Nicholas: I started with Divvy with my co-founders. I didn’t have a ton of real estate experience, I didn’t have much finance experience at all—and we’re a FinTech business now. The language that I’ve picked up to talk about financial concepts is a lot broader than I was expecting. I was recruiting an engineer once and they said they thought I was a banker. I was like, that’s great. I guess I’m doing well.

Other surprising moments? It’s always a little surprising how comfortable you can get in situations that initially make you really anxious or nervous. I’m typically very introverted. Historically I got nervous in front of groups or when I had to present or something. Like anything else, the more you do it the more comfortable you get.
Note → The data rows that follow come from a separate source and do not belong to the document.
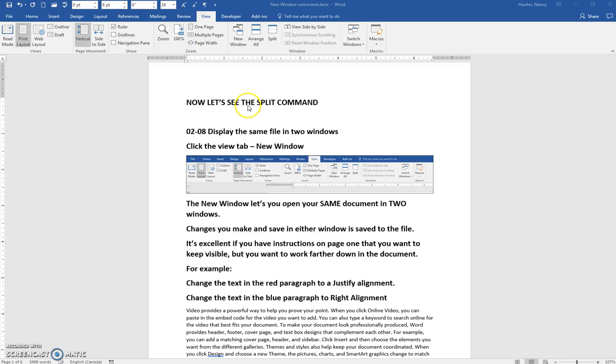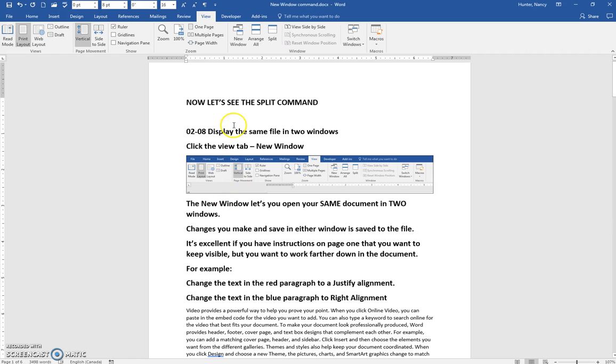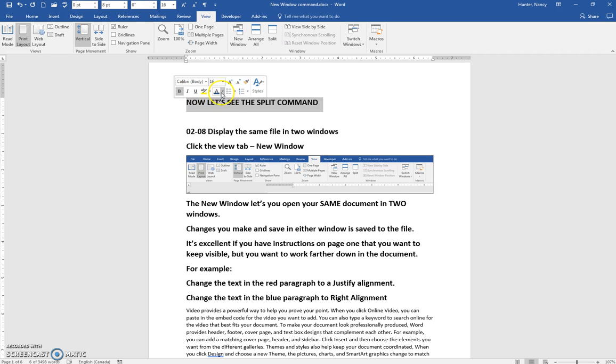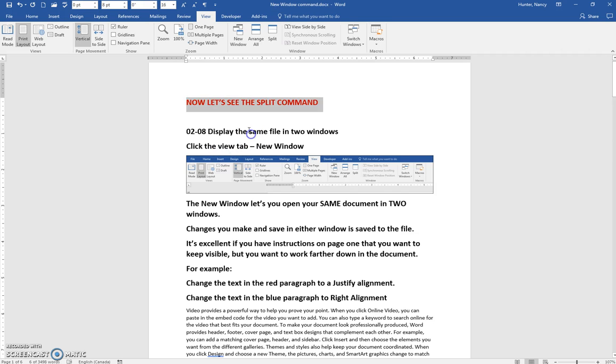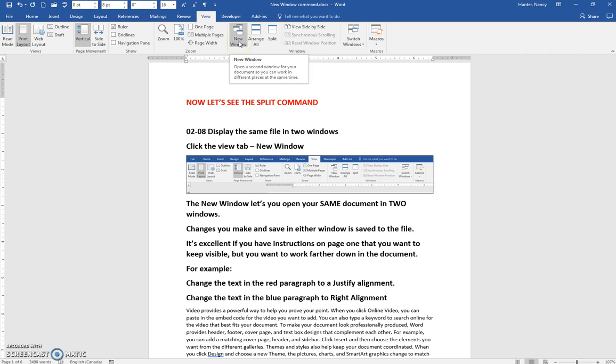Now let's see the split command. This display new window was great if you have two monitors, but sometimes you don't have two monitors and maybe you're on a laptop. That's when this command would be useful.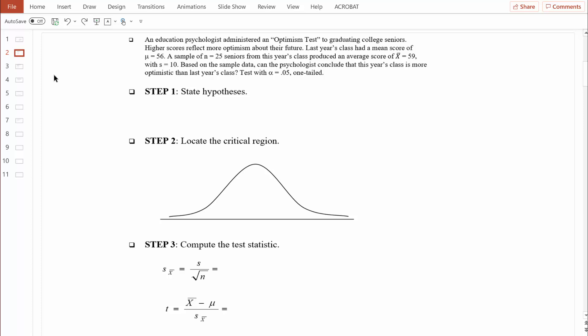Step one is exactly the same: we start with a null hypothesis compared to an alternative hypothesis. Remember, these hypotheses are always stated in terms of population parameters — mu. I always ask myself, mu what? What are we measuring? We're measuring optimism scores, so let's put in some subscripts. I'm going to put in OPT as an abbreviation for optimism. Then I ask myself, this is the mean optimism score for whom? We already know the population mean for last year's class. What we're really trying to learn about is the population mean optimism score for this year's class — that sample always represents the population we're trying to learn about.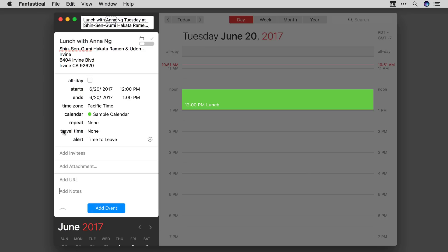Fantastical for Mac now can display travel time. Now when you create an event with a location in Fantastical for Mac, as I've done here, Fantastical automatically notifies you when it's time to leave.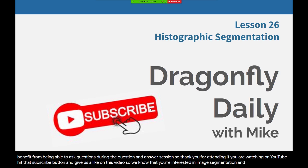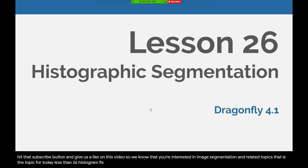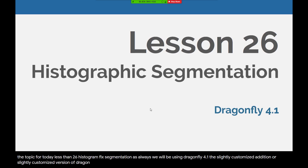That is the topic for today: Lesson 26, Histographic Segmentation. As always, we will be using Dragonfly 4.1, the slightly customized version of Dragonfly that we set up in Lesson 6, Customizing Dragonfly.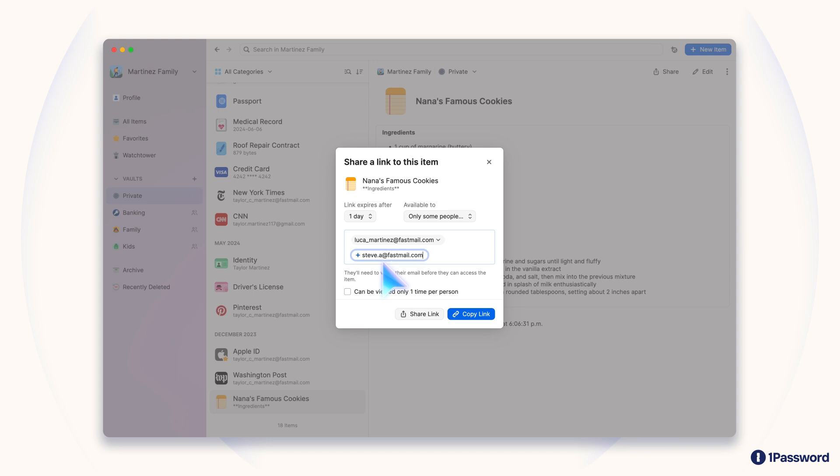You can also choose how many times the link can be viewed, and when it expires. Once you've picked your settings, copy the link, and you're ready to share.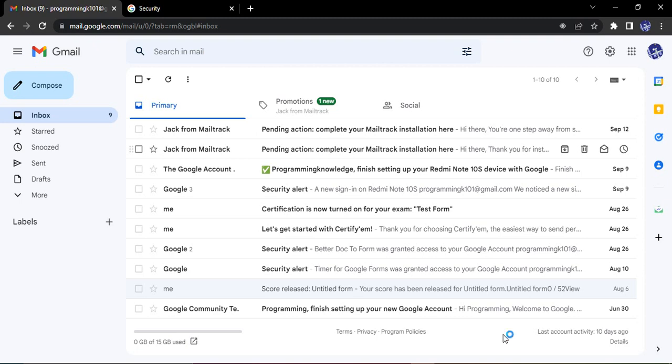So how do we do that? The process is pretty simple, which we will be seeing in this video. All you need to do is open up your Gmail account, either in your laptop or your mobile. I am opening it in my laptop, so let's see the procedure.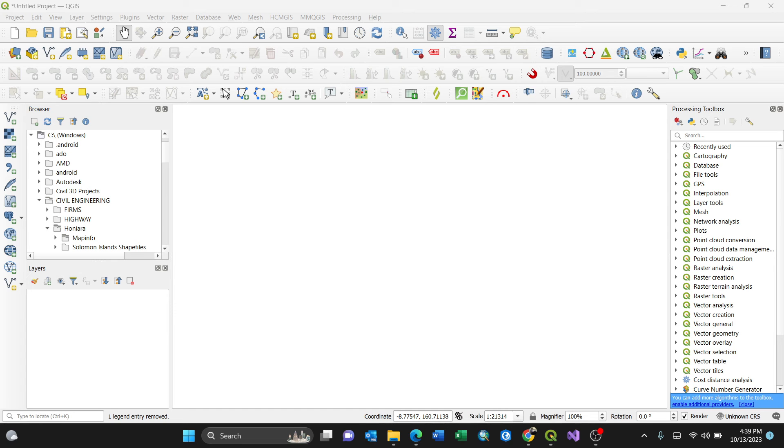Hi everyone, in this video I'm going to show you how to convert a MapInfo file into shapefile using QGIS. So I've opened my QGIS already.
The little trick I told myself, especially for board meetings, is when you’re presenting something, keep the mindset that you know more about what you’re talking about than anybody else in the room, and nobody’s there to make you look bad. It’s about going in with confidence: I know what I’m talking about and the people here want to learn from me and use me constructively, not look for little flaws in everything I say. 

Beier: How do you deal with stress?

Nicholas: There’s stress and there’s anxiety. I define anxiety as worry about something you don’t have control over. Anxiety’s the real devil. I think stress is worrying about something you have control over that has some sort of urgency. Distinguishing between the two is important. 

With stress, it’s about making sure you put your attention towards it. With anxiety it’s about trying to find ways to release it. 

I like to stay very active. I try to exercise every day, whether it’s playing tennis or lifting weights or riding the bike or something else. I think that’s a good way to start your day. 

As you get older you have more perspective that some of this stuff doesn’t really matter. It might feel like the world is ending, but you have to show up and try to solve the problem, and you’ll figure out a way out. Everything’s not world-ending. Having some perspective helps. 

Having people you can talk to about it is really important. It can be very lonely when you’re running a team or when you start a company, because you don’t have a ton of people who understand what you’re going through. Finding people who do understand, and not being afraid to let them know that everything isn’t all sunshine and rainbows—that’s a good way to realize you’re not alone.